Auch dürfen jetzt zwei (statt bisher eine) enge Kontaktperson von einer nicht in einer Einrichtung befindlichen pflegebedürftigen Person (> 70 Jahre, mit Trisomie 21, mit Demenz oder geistiger Behinderung oder nach Organtransplantation) oder von Schwangeren bestimmt werden (die dann zur Priorisierungsgruppe zwei gehören).
Priorisierung in den jeweiligen Altersgruppen
In den jeweiligen Priorisierungsgruppen (> 80 Jahre, >70 Jahre oder > 60 Jahre) können die Personen getrennt nach Geburtsjahrgängen, beginnend mit den ältesten Jahrgängen, zeitversetzt zur Schutzimpfung eingeladen werden.
Einzelfallentscheidungen jetzt möglich
Neu ist außerdem, dass Menschen mit einer Erkrankung, die in der Impfverordnung nicht genannt wird, eine hohe oder erhöhte Priorität haben können (Prioritätsgruppen zwei und drei), wenn mindestens ein erhöhtes Risiko für einen schweren oder tödlichen Krankheitsverlauf nach einer COVID-Infektion besteht.
Dazu bedarf es eines gesonderten Attestes. Diese Bescheinigung dürfen ausschließlich berechtigte Einrichtungen ausstellen, die von den obersten Landesgesundheitsbehörden und den von ihnen bestimmten Stellen hiermit beauftragt wurden.
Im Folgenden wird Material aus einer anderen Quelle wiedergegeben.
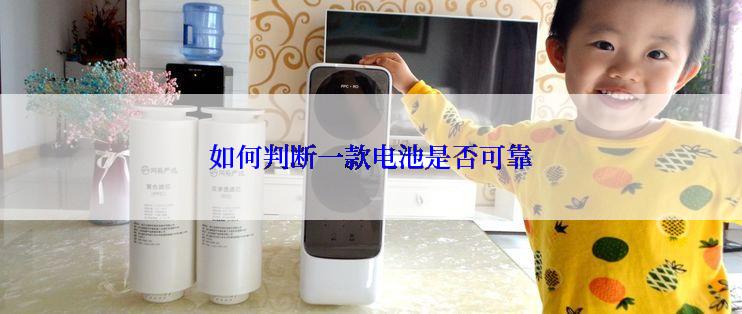 如何判断一款电池是否可靠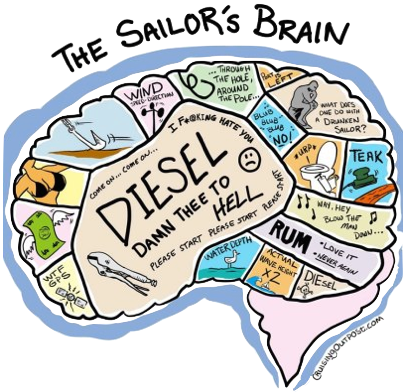 Sailor Brain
Konkretisierung bei den Folge- und Auffrischimpfungen
Folge- und Auffrischimpfungen müssen danach mit dem gleichen Impfstoff erfolgen wie die Erstimpfung. Der von der STIKO empfohlene Abstand zwischen Erst- und Folgeimpfung beim mRNA-Impfstoff Comirnaty von BioNTech (drei bis sechs Wochen), beim mRNA-Impfstoff COVID-19-Vaccine von Moderna (vier bis sechs Wochen) und beim Vektorviren-Impfstoff COVID-19 Vaccine von AstraZeneca (neun bis zwölf Wochen) soll eingehalten werden. Wird der empfohlene Abstand im Einzelfall aus wichtigem Grund überschritten, soll das Impfschema auf Grundlage der Empfehlungen der STIKO fortgesetzt werden.